Amsel_ wrote:Why should you be teaching anybody? It is unhealthy to cause a split between conscious and unconscious desires. If we can avoid injecting popularity into every single post then we have no need to train anybody! This is a social game because people will be able to gauge a post's worth based on the amount of people who agree versus the amount who disagree, instead of judging a post based on its actual merit. I prefer a system which encourages trying to make a good post rather than trying to win observers over to your side.
That split exists per definition. I don't see what's wrong with teaching people (And I don't mean this in a universal education kind of way, just parents teaching children for example) to think about whether you do something for your own reasons, or for someone elses reasons. You can leave subconsciousness out of it, because nobody really understands how it works.

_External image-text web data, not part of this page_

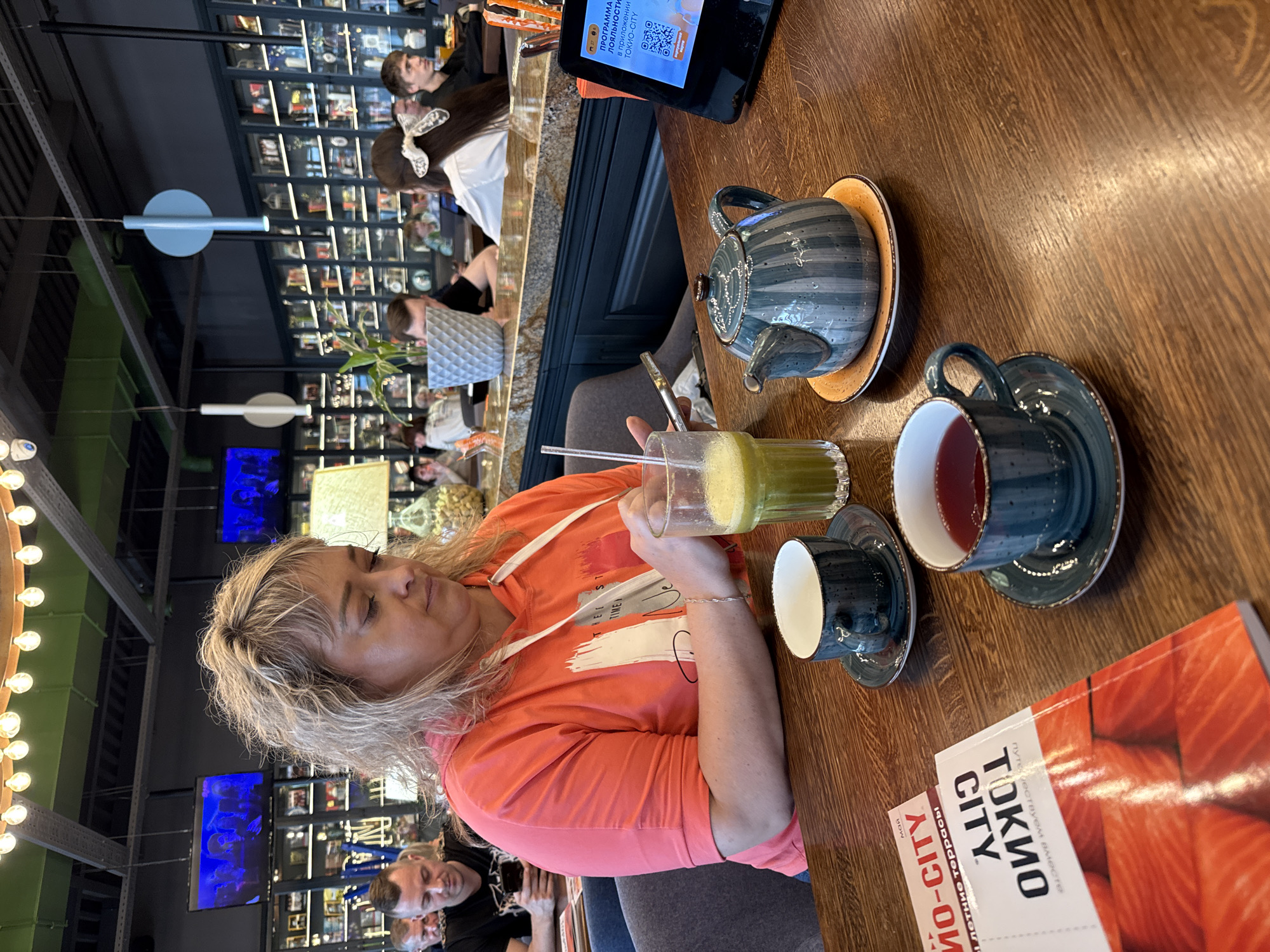 The image shows a woman sitting at a wooden table in a restaurant. She is wearing an orange hoodie and holding a glass of green juice. On the table are a teapot, two teacups, and a book titled "Tokyo City". In the background, there are other people in the restaurant and shelves filled with objects, resembling a bookstore or a cafe with a bookstore theme. The QR code on the tablet indicates the location in Saint Petersburg, Russia.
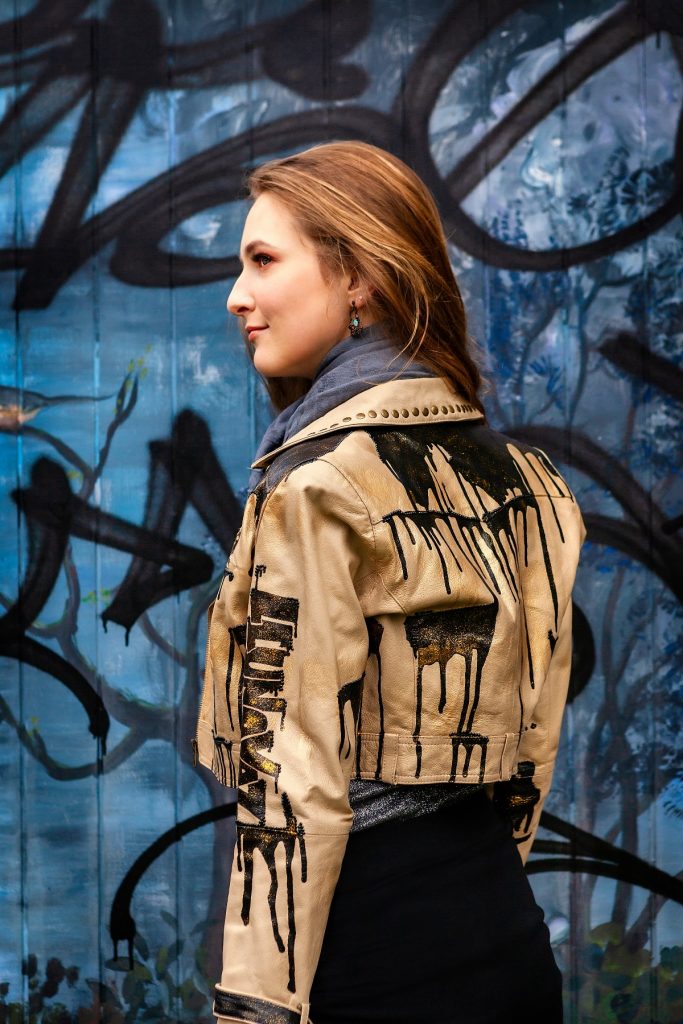 Female model Marina Krivonossova shows her back to the camera as she models a fashionable leather jacket. Marina poses in front of a graffiti wall.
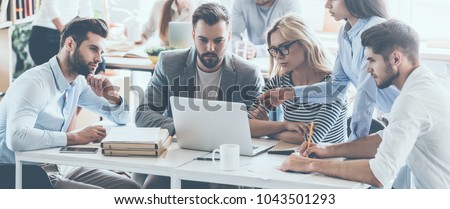 Stock foto: Smiling Ethnic Colleagues At Working Desk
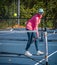 Senior woman hits a short backhand half volley during pickleball in fall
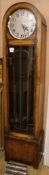 A 1930's oak cased thirty hour chiming longcase clock, H.6ft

It's not the like or dislike button that injects popularity into a post. The fact that people perceive this in a post, and attach value to it, is something that precedes the like/dislike button, even though such a button may worsen said effect. It's the creation of a mind that's addicted to attention and validation from other people that creates such a feature, such a mind isn't the result of such a feature, as is shown by the fact that similar social processes predated the like/dislike button, social media, or just in fact, the whole internet.
If it is a social game, it's a social game that has existed for millennia. The like/dislike button is merely another way for humans to measure prestige and standing in a social group. We can argue about whether it's a social game because it's our "natural behaviour" or whether it has to do with the way human culture has evolved over time (Nietzsche's POV) or perhaps it's a mix between the two (most likely, in my opinion).

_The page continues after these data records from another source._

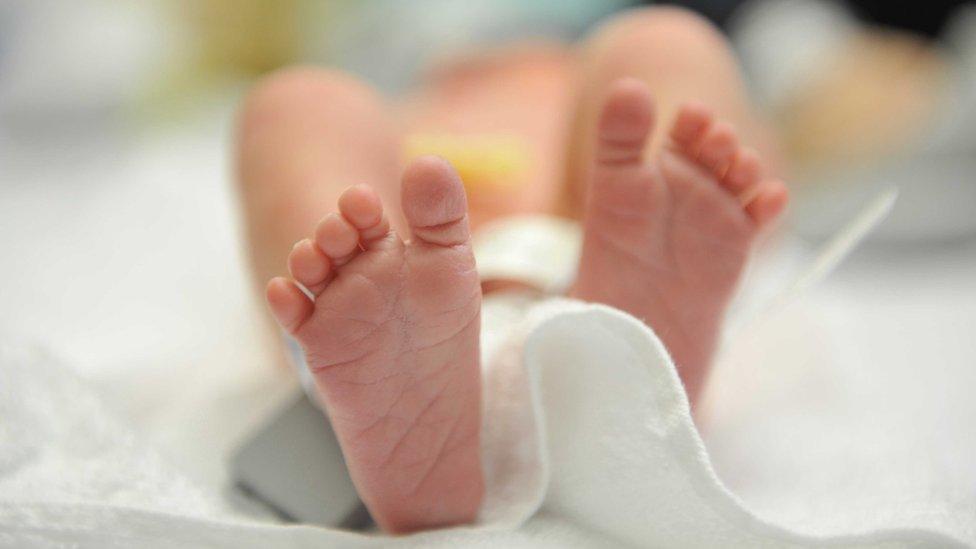 Feet of a newborn baby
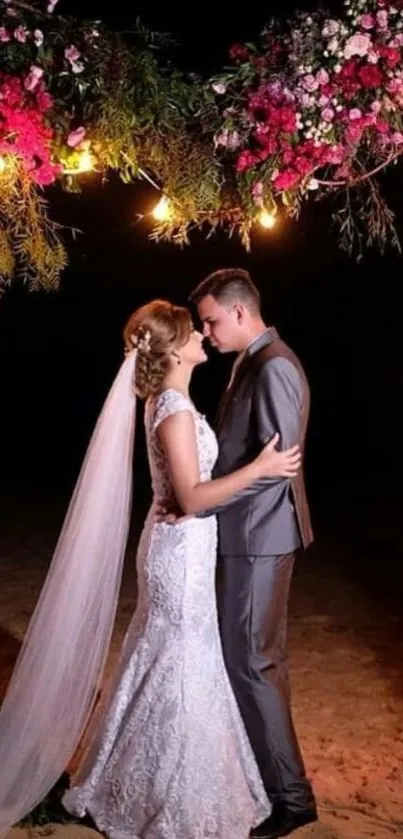 Wedding couple under floral arch at night.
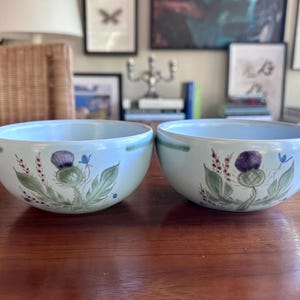 May include: Two light blue ceramic bowls with a thistle design. The bowls have a green and purple thistle with green leaves and small red and blue accents. The bowls are on a wooden table.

I said earlier that people can brush off the absence of likes easily. It's much harder to rationalize you being heavily down voted, and the person you're talking with getting heavily up voted. A lone like button will only serve as positive encouragement. It also seems more uncommon for someone to reply to a post to give further arguments in favor of it than it is for someone to reply to a post to argue against it. A like button might technically remove some discussion, but it is negligible in comparison to a dislike button.
Maybe it makes things more extreme with a dislike button, but it's a matter of degree, the principle pretty much stays the same. However, there are simply no facts brought forward by you to make your final claim anything else than conjecture on your part. Which was my initial point all along. You seem to think that a dislike button suddenly changes the entire "social game" even though it's merely a quite obvious extension of the rules that were already in place. Whether it is necessary? I don't think so. But there's no need to be overly dramatic about it.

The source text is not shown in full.